▶ **Problem to work on**:
Only the pictures are to be left out; set down the rest of the records exactly.

··· Record excerpts ···

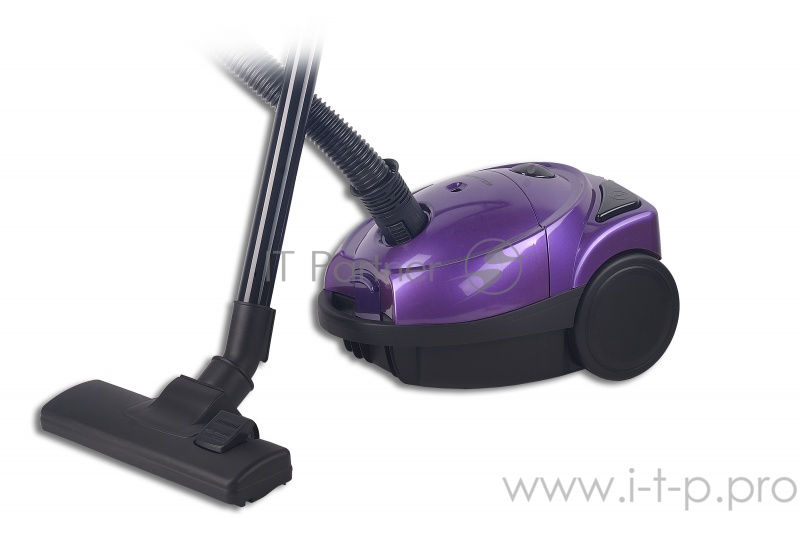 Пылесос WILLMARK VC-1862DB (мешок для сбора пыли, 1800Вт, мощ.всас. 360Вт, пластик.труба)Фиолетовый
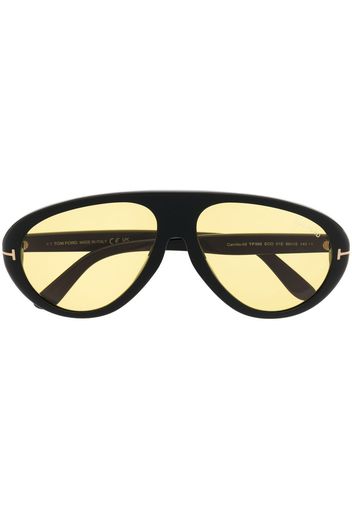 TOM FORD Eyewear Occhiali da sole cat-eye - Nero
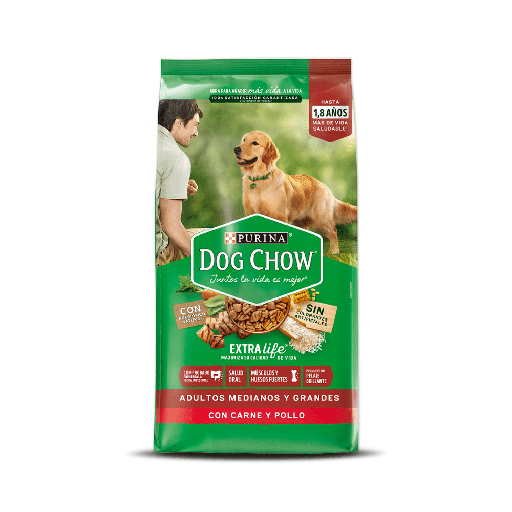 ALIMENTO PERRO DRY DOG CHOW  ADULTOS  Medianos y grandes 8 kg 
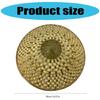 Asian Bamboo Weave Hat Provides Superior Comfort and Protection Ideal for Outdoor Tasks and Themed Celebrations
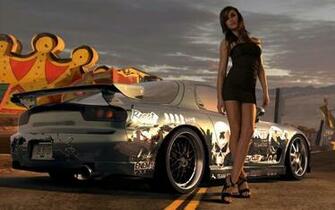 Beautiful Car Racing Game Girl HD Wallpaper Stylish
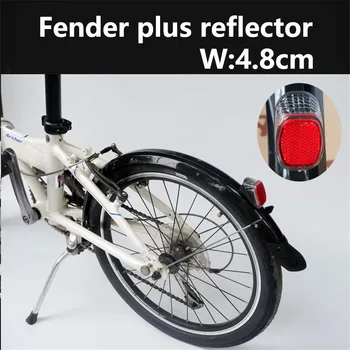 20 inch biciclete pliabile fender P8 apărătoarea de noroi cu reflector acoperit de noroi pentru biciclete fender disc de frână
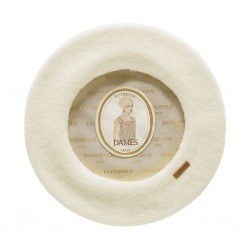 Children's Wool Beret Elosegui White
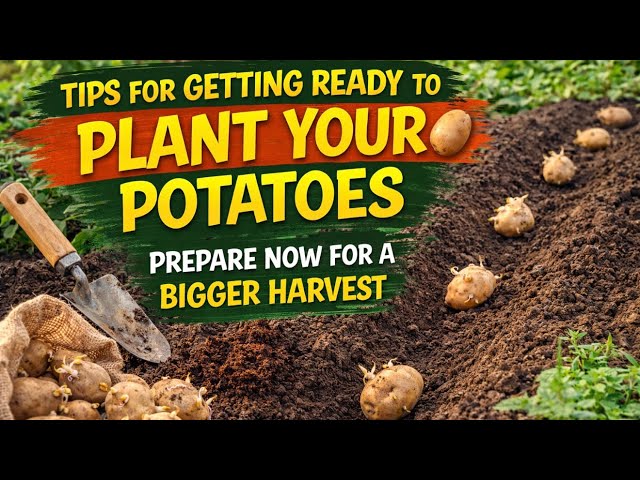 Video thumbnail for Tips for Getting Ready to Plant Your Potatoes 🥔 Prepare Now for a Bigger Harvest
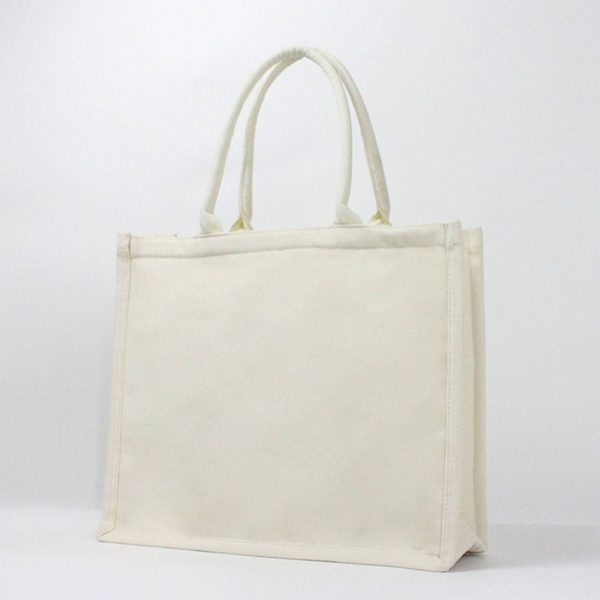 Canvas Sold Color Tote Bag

···

▶ **Written response**:
 Пылесос WILLMARK VC-1862DB (мешок для сбора пыли, 1800Вт, мощ.всас. 360Вт, пластик.труба)Фиолетовый
 TOM FORD Eyewear Occhiali da sole cat-eye - Nero
 ALIMENTO PERRO DRY DOG CHOW  ADULTOS  Medianos y grandes 8 kg 
 Asian Bamboo Weave Hat Provides Superior Comfort and Protection Ideal for Outdoor Tasks and Themed Celebrations
 Beautiful Car Racing Game Girl HD Wallpaper Stylish
 20 inch biciclete pliabile fender P8 apărătoarea de noroi cu reflector acoperit de noroi pentru biciclete fender disc de frână
 Children's Wool Beret Elosegui White
 Video thumbnail for Tips for Getting Ready to Plant Your Potatoes 🥔 Prepare Now for a Bigger Harvest
 Canvas Sold Color Tote Bag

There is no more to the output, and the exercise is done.